In the aftermath of Michael Brown and Eric Garner’s deaths, protestors in the streets aptly adopted the rallying cry, “Black lives matter,” which after the gunning down of two New York police officers it was transformed by some supporters to “all lives matter.” Both themes are important and point deeply to the profound disconnect on all issues related to race in society today, not only in the U.S., but across the globe.

In reality and in today’s world, all lives do not matter. Only the few, the white, Euro-Americans and present colonial masters’ lives matter more than any other group, thus bringing about the sympathy, concern and non-stop coverage since the material world exists as a playing field for them and them alone. The notion that the world has arrived at a post-racial stage just because Obama was elected to the White House is a figment of imagination totally severed from the racist reality experienced daily on the streets of Ferguson, New York, Paris, London or around the global south.

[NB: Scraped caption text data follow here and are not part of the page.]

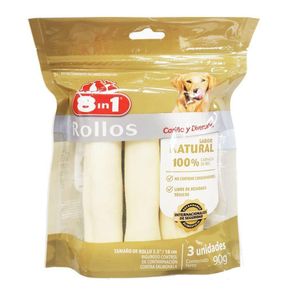#3 Rollos Naturales 4' 8En1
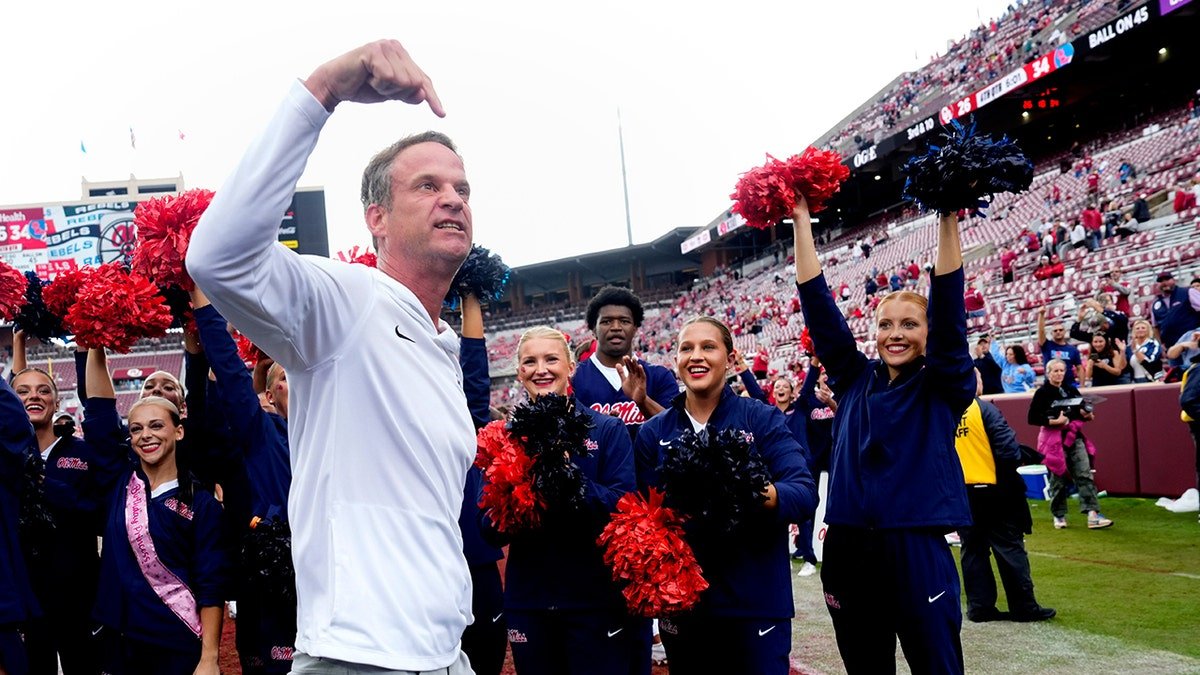 Lane Kiffin after win
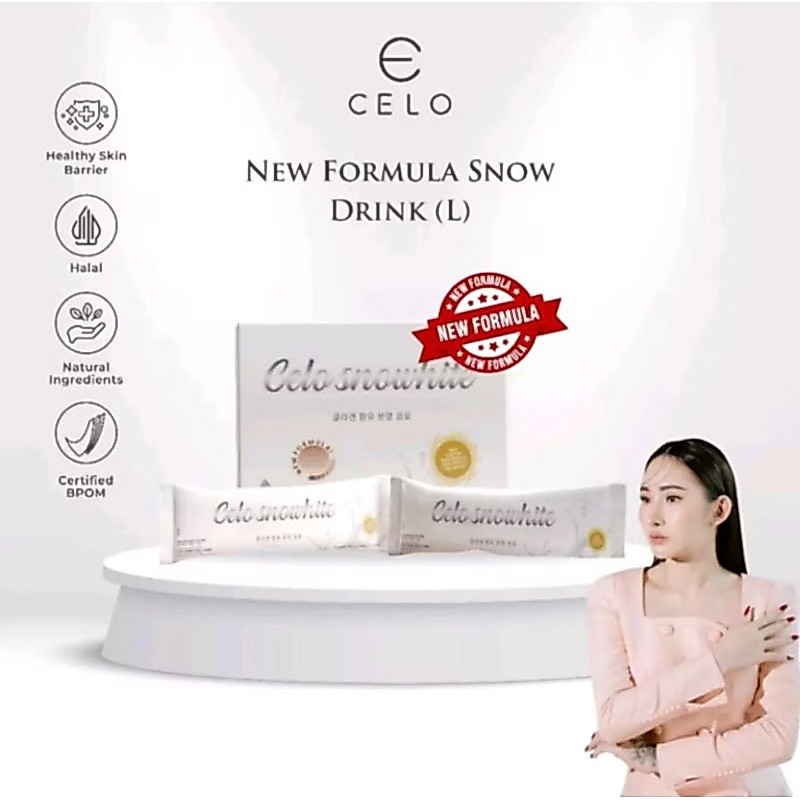 CELO SNOWHITE COLLAGEN POWDER DRINK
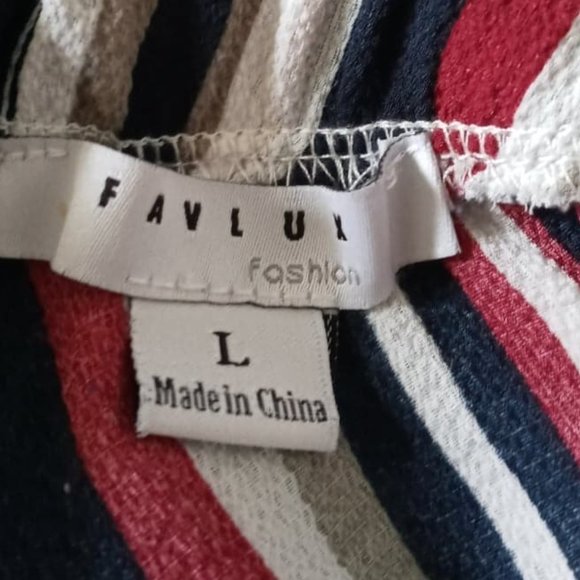 Favlux Fashion  Stripe Jumpsuit - Picture 8 of 8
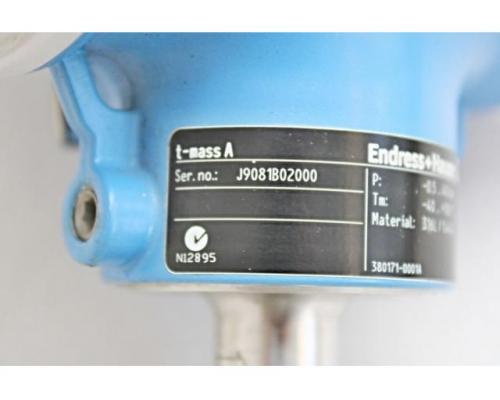 Endress+Hausser T-Mass 150 Thermisches Massedurchflussmessgerät 06AAB25-1035/0 - Bild 4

In reality, all lives do not matter and, critically, at this time, Muslim lives do not matter either as the case of the invasions of Afghanistan and Iraq illustrate with well-documented torture, rendition and intentionally targeting journalists, as well as in the Israeli slaughter this past summer witnessed live on TV around the globe. Muslim lives do not matter as the case of the Islamic State of Iraq and al-Sham (ISIS) and al-Nusra Front plainly demonstrates as Europe and the U.S. did not respond to hundreds if not thousands of Muslims murdered, only when whiteness was touched was the Western world shocked into action. This piece is not about settling accounts or laying blame despite it being needed, it is rather meant to shed light on the dark corners constructed in our own minds that permit us to see, feel and experience the pain of the northern hemisphere while denying it for all others. Malcolm X’s “we sick” is to be understood and transformed today into a global identification with Paris’ suffering as the only measure of being and meaning. Freedom of speech is meaningless for the southern hemisphere for “we sick” is meant to silence “us,” and even when we speak, it is not our voice that is heard, but rather the global master’s own reflection that is reproduced.